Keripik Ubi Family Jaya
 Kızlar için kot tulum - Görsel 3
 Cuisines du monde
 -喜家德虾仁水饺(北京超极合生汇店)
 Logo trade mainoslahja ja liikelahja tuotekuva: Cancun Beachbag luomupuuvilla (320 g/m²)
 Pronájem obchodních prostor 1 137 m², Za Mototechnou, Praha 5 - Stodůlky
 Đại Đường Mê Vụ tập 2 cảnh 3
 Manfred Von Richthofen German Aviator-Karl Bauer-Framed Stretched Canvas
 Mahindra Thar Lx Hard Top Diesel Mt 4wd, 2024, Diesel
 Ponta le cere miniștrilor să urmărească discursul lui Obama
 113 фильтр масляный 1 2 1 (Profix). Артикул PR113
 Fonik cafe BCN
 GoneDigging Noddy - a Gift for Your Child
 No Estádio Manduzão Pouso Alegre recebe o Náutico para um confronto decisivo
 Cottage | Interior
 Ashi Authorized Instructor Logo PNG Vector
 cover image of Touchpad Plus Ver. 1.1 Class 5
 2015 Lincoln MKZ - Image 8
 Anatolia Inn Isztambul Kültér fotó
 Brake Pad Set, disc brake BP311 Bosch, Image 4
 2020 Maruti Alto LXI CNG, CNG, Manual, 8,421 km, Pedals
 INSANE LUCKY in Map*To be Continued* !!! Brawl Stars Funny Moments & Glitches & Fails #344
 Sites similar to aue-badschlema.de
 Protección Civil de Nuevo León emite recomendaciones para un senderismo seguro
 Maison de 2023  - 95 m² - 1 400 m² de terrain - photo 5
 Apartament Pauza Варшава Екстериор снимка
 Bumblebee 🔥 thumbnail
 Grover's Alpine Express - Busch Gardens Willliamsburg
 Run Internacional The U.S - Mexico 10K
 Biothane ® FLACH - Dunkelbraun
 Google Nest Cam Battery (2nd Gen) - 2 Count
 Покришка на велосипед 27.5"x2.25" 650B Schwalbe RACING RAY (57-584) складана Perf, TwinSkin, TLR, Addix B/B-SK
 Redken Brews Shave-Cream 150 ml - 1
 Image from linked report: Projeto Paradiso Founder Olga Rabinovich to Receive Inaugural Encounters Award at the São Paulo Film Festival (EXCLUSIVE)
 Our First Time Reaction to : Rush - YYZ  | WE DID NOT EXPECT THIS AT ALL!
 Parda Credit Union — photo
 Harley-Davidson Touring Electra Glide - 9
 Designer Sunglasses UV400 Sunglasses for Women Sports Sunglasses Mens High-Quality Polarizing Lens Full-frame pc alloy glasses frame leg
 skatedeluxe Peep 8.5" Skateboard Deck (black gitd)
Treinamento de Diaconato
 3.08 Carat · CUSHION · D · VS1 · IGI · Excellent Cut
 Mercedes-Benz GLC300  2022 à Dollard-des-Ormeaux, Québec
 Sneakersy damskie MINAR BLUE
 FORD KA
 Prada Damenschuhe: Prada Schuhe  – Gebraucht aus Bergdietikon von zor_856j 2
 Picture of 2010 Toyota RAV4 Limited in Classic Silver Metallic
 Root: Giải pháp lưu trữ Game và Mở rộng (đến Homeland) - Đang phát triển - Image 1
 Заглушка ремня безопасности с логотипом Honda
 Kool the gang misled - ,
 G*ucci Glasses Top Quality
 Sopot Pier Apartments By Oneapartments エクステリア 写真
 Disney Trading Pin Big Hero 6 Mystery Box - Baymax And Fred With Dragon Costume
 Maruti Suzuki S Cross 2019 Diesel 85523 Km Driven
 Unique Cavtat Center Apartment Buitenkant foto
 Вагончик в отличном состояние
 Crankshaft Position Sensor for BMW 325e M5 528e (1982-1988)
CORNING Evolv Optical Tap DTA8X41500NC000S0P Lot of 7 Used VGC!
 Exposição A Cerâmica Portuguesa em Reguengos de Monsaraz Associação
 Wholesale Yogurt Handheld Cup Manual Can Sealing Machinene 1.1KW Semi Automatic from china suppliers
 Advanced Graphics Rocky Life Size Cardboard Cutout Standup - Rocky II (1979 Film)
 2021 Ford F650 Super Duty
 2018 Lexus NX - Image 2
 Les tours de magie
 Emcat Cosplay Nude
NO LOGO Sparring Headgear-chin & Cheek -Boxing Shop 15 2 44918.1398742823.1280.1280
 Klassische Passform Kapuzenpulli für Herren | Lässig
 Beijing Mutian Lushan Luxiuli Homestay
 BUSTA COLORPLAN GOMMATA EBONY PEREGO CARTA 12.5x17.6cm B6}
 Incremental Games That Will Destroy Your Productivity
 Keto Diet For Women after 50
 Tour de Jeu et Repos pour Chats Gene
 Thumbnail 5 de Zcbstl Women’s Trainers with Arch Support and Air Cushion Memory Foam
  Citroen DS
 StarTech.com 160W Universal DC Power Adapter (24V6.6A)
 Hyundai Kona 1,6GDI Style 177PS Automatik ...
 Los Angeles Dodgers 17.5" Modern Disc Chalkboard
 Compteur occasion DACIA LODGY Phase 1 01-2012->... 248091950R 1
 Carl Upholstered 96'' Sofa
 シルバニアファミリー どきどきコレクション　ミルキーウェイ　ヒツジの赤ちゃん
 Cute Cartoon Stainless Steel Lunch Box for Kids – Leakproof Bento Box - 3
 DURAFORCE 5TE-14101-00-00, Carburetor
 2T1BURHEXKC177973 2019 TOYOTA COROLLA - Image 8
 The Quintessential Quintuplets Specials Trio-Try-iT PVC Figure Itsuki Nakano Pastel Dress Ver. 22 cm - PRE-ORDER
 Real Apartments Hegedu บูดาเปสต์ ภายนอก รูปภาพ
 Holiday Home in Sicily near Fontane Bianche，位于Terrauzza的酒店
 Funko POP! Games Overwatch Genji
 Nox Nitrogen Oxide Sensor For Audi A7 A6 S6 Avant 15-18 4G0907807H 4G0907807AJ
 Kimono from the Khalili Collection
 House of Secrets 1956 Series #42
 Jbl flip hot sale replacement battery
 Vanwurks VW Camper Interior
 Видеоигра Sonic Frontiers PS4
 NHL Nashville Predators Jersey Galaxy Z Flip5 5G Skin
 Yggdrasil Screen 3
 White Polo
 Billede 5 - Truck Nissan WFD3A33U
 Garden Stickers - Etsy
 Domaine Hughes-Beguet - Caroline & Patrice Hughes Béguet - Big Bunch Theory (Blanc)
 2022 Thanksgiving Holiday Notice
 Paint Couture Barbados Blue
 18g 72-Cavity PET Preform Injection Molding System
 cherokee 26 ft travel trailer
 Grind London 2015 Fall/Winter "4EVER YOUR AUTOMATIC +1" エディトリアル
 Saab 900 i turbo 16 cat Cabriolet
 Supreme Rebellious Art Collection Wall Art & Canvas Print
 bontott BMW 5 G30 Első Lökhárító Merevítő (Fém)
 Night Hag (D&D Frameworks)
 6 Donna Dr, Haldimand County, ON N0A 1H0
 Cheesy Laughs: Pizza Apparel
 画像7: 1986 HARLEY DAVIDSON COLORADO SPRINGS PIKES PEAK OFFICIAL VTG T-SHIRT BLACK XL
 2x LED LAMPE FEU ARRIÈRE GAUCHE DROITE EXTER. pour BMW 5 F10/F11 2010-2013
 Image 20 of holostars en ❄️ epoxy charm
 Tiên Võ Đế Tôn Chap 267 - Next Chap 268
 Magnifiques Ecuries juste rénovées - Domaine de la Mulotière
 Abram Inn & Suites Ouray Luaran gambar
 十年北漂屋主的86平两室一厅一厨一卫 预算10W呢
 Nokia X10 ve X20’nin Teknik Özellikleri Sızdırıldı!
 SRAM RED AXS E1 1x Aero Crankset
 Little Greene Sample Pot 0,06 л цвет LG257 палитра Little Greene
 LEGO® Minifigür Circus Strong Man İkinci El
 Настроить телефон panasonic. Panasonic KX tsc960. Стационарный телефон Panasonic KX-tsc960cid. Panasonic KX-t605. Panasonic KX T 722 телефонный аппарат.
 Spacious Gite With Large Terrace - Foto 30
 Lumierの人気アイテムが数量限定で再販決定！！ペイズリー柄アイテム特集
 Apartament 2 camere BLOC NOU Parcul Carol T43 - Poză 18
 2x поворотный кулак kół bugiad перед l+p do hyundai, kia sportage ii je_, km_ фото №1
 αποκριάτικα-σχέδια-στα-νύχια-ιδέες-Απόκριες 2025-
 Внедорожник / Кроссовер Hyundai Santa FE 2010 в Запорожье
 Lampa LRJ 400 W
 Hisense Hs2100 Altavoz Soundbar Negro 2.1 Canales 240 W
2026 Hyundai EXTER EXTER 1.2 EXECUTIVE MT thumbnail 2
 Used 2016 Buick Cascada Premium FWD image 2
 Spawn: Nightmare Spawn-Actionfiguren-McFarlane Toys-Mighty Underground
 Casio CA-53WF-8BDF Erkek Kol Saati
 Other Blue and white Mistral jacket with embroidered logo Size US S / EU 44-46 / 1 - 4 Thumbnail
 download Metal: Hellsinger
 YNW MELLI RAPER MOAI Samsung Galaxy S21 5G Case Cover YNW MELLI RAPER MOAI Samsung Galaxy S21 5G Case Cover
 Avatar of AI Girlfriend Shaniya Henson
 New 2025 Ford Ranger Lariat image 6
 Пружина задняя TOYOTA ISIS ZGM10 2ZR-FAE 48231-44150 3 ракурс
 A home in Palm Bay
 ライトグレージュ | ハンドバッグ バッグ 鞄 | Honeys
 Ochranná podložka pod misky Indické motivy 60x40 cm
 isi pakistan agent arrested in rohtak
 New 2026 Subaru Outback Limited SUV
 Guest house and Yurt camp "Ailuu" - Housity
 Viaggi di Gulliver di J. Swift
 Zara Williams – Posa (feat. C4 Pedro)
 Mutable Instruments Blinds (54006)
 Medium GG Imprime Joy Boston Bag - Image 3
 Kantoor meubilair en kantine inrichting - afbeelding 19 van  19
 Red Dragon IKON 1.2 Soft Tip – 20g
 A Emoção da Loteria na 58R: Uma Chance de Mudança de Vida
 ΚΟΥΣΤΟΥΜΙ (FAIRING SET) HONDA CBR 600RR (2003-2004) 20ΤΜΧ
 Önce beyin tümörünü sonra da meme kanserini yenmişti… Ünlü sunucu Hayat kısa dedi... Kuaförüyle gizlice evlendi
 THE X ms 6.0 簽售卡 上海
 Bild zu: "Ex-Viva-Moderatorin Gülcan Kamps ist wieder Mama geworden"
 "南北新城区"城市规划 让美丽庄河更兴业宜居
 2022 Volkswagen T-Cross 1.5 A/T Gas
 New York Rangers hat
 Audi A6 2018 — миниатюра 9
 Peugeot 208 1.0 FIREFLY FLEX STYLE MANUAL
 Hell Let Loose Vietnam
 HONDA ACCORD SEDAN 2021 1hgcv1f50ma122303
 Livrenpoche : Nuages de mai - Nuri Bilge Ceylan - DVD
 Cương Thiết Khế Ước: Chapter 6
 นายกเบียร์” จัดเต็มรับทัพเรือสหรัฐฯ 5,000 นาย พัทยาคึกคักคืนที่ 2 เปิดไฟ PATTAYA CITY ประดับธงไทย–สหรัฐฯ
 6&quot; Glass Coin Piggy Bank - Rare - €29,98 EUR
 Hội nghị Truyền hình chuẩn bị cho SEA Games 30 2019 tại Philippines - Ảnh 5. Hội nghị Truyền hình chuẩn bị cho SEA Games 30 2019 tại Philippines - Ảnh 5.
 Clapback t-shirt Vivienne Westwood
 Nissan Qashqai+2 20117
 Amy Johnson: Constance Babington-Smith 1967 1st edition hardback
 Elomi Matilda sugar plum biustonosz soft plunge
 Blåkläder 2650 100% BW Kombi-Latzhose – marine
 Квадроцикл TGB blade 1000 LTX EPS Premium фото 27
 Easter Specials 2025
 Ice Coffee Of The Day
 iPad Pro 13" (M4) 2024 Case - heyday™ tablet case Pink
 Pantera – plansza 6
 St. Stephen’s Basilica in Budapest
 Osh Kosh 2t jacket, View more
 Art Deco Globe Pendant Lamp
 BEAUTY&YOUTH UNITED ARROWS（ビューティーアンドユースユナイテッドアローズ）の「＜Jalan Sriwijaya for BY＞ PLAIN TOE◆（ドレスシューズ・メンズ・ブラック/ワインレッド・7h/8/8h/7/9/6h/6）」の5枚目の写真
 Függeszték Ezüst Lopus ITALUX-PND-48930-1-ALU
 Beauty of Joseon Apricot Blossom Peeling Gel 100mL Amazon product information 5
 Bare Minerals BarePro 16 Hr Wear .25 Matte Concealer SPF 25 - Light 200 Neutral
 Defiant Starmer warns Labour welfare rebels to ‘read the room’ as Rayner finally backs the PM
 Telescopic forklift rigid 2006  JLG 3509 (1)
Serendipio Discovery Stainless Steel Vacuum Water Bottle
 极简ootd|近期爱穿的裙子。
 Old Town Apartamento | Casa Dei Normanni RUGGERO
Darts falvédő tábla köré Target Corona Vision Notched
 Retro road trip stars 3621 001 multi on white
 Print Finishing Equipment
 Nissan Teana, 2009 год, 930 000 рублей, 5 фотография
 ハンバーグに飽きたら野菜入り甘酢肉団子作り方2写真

▬▬▬▬▬▬

• What you should do
Check each line of the records above, and copy those that hold the word "Dragon".

• Written response
 Disney Trading Pin Big Hero 6 Mystery Box - Baymax And Fred With Dragon Costume
 Red Dragon IKON 1.2 Soft Tip – 20g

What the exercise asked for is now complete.